La muerte y la vida están en poder de la lengua, y el que la ama comerá de sus frutos. (Proverbios 18:21)
La Biblia nos recuerda que las palabras no son simples sonidos o expresiones pasajeras; lo que decimos no es insignificante.
Cada palabra que sale de nuestra boca tiene el poder de producir vida o de causar muerte. Con ellas podemos edificar, sanar y animar; o también herir, destruir y apagar la creatividad de otros. No hay término medio.
Sin embargo, el problema no está solo en la lengua, sino en el corazón, porque “de la abundancia del corazón habla la boca” (Lucas 6:45).
Si queremos hablar vida, necesitamos permitir que Dios transforme nuestro interior. Cuando nuestro corazón está lleno del amor de Cristo, nuestras palabras reflejarán gracia, compasión y verdad.
Cada día tenemos la oportunidad de usar nuestras palabras como herramientas de bendición. Un elogio sincero, una palabra de ánimo o un consejo oportuno lleno de amor pueden traer refrigerio o incluso cambiar la historia de una persona.
Así como una chispa puede encender el benéfico fuego de una chimenea, una palabra puede encender esperanza en un corazón desanimado. Pero por otro lado, también debemos ser conscientes del daño que puede causar una lengua sin control.
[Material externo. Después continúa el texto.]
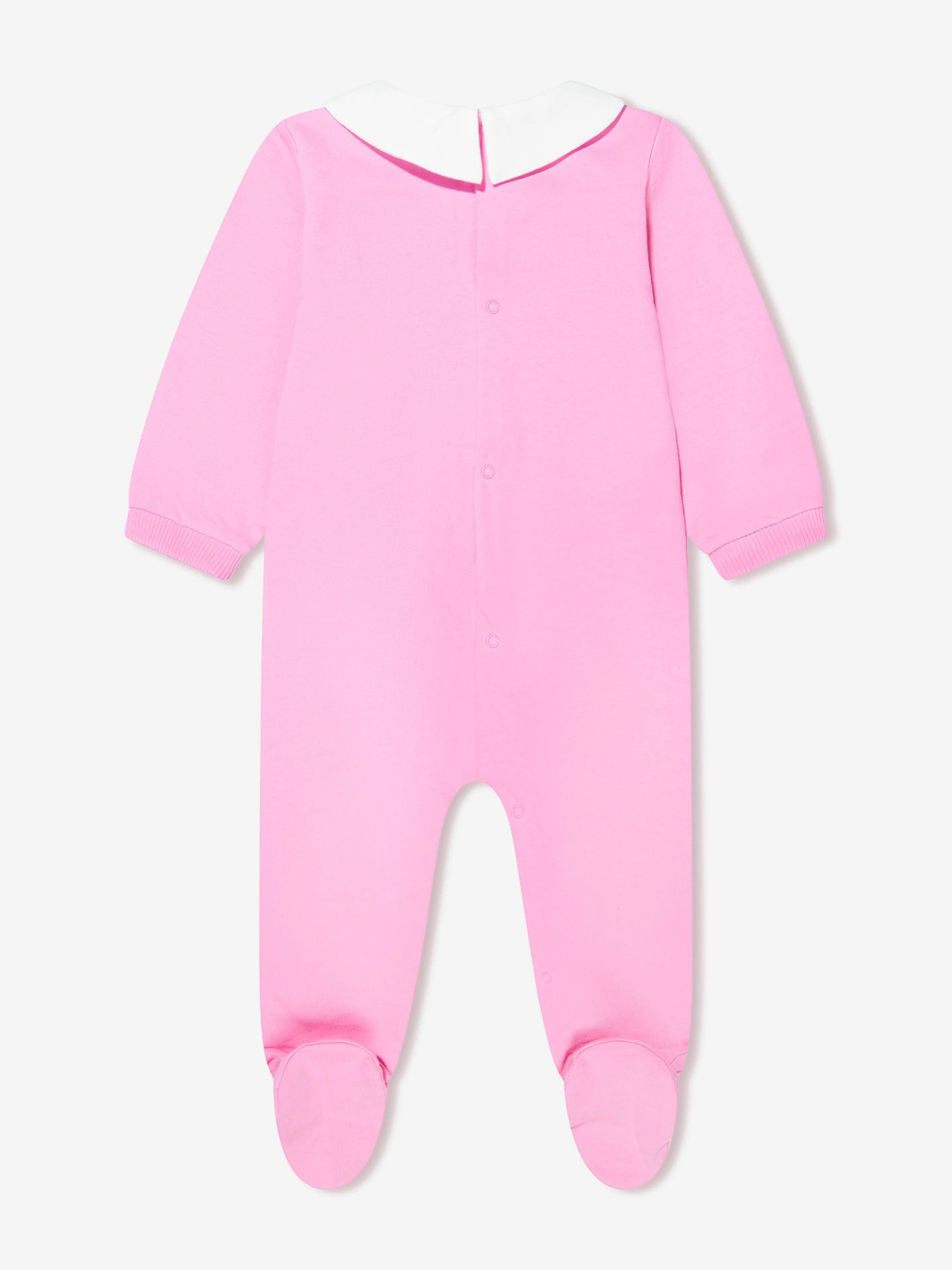 Moschino Baby Girls Teddy Logo Babygrow in Pink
La crítica, el chisme o la mentira pueden destruir amistades, familias e incluso comunidades enteras. Por eso Santiago compara la lengua con “un fuego, un mundo de maldad” (Santiago 3:6).
Dios nos llama a hablar con sabiduría, diciendo: “Sea vuestra palabra siempre con gracia, sazonada con sal” (Colosenses 4:6). Por lo tanto, pidamos a Dios que ponga un guardia en nuestra boca (Salmo 141:3), y que nuestras palabras siempre estén “sazonadas” con el buen sabor de Su Palabra.
Así, hablaremos vida y bendición, convirtiendo nuestro lenguaje en un canal del amor y poder de Dios.